While the target for data captured by Connect CDC (SQData) is often another database, a Kafka target may be the best, if not the only way to identify events used to trigger or feed other processes or applications. Historically, many z/OS environments used IBM's MQ for distributed communication of events. Apache Kafka is a robust clustered distributed streaming platform used to build real-time streaming data pipelines on open systems platforms using a similar publish and subscribe architecture. Connect CDC (SQData) supports Kafka by bridging the gap between z/OS and other operating systems and publishing a stream of data to Kafka topics based on real-time capture of source datastore changes.
Kafka is typically utilized when the requirement is more than simply replication of captured source data into a legacy relational datastore like Db2/LUW, Oracle or MS SQL Server. Change data capture can be used to identify "events" and use streaming Kafka messages to trigger subsequent downstream business processes. Others use Kafka to populate "big data" repositories where other tools will be used for analytics or to answer questions that may not have been asked at the start of a project.
Kafka's architecture includes four core API's, two of which are of particular interest to heterogeneous z/OS and Open Systems environments:
- The Producer API which allows a business application to publish a stream of events to one or more Kafka topics.

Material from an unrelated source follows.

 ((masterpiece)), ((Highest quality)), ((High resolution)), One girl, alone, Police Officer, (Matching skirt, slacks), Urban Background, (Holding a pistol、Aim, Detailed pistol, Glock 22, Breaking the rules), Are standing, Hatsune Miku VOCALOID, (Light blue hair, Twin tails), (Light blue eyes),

- The Connector API that can connect Kafka topics to existing source databases. For example, a connector to a relational database that captures every change to a table.
The Apply Engine views Kafka as merely another type of target datastore using the producer API. The apply engine writes Kafka "topics" formatted as either JSON or AVRO, among other formats containing information captured by any of the apply engine's data capture agents. Connect CDC (SQData)'s capture / publish / apply architecture provides a unique two platform solution for z/OS where the Kafka connector API is not supported natively. Precisely's other high performance capture agents paired with an apply engine running on Linux provides for the direct point-to-point (source to target) transfer of captured data without the use of any sort of staging area. When properly configured, captured data does not even land on any intermediate storage device before being loaded into the target Kafka topic.

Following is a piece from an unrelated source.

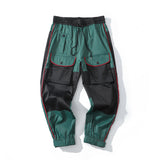 Man Fall Outfits Cargo Pants Color Matching Ankle-Length Pants Ankle-Tied Stitching Casual Men and Women Function Multi-Pocket Overalls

Environmental Requirements
- Apply Engine for Kafka is only supported on the Linux OS platform although some customers have successfully implemented on IBM/AIX as well.
- The Kafka external library librdkafka.so is required by the Connect CDC (SQData) in order to apply to Kafka and must be version 0.8 or higher. This library can be downloaded from github https://github.com/edenhill/librdkafka.
- The Kafka external library must be accessible either in the system path or through an environmental variable SQDATA_KAFKA_LIBRARY that points to the external library.
The Kafka topic target datastore is identified by the Kafka broker "url" consisting in its most basic form of the Kafka cluster host address and port number along with fully qualified Kafka topic names and an optional Partition.
------------------------------------------------------------
-- DATASTORE SECTION
------------------------------------------------------------
-- SOURCE DATASTORE
DATASTORE cdc://server:port/capture/target
OF UTSCDC
AS CDCIN
DESCRIBED BY GROUP SOURCE_TABLES;
-- TARGET DATASTORE
DATASTORE kafka://[<hostname>[:<port_number>]] / [<kafka_topic_id>][/ | /<partition> | /key | /root_key]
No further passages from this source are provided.